The Notebook
İstanbul, Turkey

# Proof on Infinity of Prime Numbers

In this post, I show that we have infinitely many prime numbers. To do so, I use a proof from 300 BC which provided by Greek Mathematician. The one that people usually call as “Father of Geometry” or Euclid of Alexandria.

Here we break into proof:

Let's write prime numbers in an ascending manner, p_1 = 2, p_2 = 3, p_3 = 5, p_4 = 7

When we check the numbers which are in a pattern of: p_1.p_2 + 1 = 2.3 + 1 = 7 and p_1.p_2.p_3 + 1 = 2.3.5 + 1 = 31 and p_1.p_2.p_3.p_4 + 1 = 2.3.5.7 + 1 = 211 we oftenly come up with a prime number. But how can we be sure about primality of number A = p_1.p_2 \dots p_n + 1 for all values of n?

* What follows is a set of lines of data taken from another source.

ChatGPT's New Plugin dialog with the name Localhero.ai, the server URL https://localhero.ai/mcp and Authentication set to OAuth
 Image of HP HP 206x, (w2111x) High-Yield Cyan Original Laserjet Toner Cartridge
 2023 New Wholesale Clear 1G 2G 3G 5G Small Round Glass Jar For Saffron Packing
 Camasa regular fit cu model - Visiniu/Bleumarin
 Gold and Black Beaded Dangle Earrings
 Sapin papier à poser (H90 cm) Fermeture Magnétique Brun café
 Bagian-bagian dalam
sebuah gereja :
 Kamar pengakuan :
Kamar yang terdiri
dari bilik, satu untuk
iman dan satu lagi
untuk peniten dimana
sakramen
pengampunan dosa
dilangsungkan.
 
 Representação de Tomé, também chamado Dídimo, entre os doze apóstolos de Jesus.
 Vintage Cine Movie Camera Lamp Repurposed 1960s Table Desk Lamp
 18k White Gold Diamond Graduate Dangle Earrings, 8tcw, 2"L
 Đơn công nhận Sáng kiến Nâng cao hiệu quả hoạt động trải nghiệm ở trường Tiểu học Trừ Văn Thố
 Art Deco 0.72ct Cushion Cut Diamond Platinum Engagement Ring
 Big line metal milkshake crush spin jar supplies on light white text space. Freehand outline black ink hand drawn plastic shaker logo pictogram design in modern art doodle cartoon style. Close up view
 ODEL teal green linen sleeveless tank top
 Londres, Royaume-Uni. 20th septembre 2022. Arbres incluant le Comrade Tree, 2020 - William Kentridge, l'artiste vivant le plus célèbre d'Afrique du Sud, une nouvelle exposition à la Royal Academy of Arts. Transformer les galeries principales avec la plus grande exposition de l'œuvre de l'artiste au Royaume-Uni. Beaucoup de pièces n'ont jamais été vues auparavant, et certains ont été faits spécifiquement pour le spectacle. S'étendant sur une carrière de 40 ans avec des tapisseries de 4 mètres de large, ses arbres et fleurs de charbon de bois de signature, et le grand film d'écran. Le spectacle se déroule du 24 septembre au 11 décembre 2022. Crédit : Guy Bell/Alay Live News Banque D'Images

Here we use contradiction technique to check: We intuitively think that A is a prime number, since it empirically is. Now we set up an equation which assumes that A is a non-prime number and try to show that this equation would not hold -hence contradicts.

Following equation assumes that A is a divisor of some number. We clearly know that, every number -except 1- is at least multiple of one prime number. For this reason, let's say that p_r is a divisor of A.

A = p_1.p_2.p_3 \dots p_r \dots p_n + 1 \rightarrow \frac{A}{p_r} = p_1.p_2.p_3 \dots p_{r-1}.p_{r+1} \dots p_n + \frac{1}{p_r}. Consequently we have \frac{A}{p_r} - p_1.p_2.p_3 \dots p_{r-1}.p_{r+1} \dots p_n = \frac{1}{p_r}

Let's concentrate on last equation. \frac{A}{p_r} has to be an integer, since we assume A is a multiple of p_r. Second term p_1.p_2.p_3 \dots p_{r-1}.p_{r+1} \dots p_n is also integer, nevertheless \frac{1}{p_r} is not. So, our non-primality assumption of A was wrong and this wrong assumption proves us that, A would always be prime for any value of n.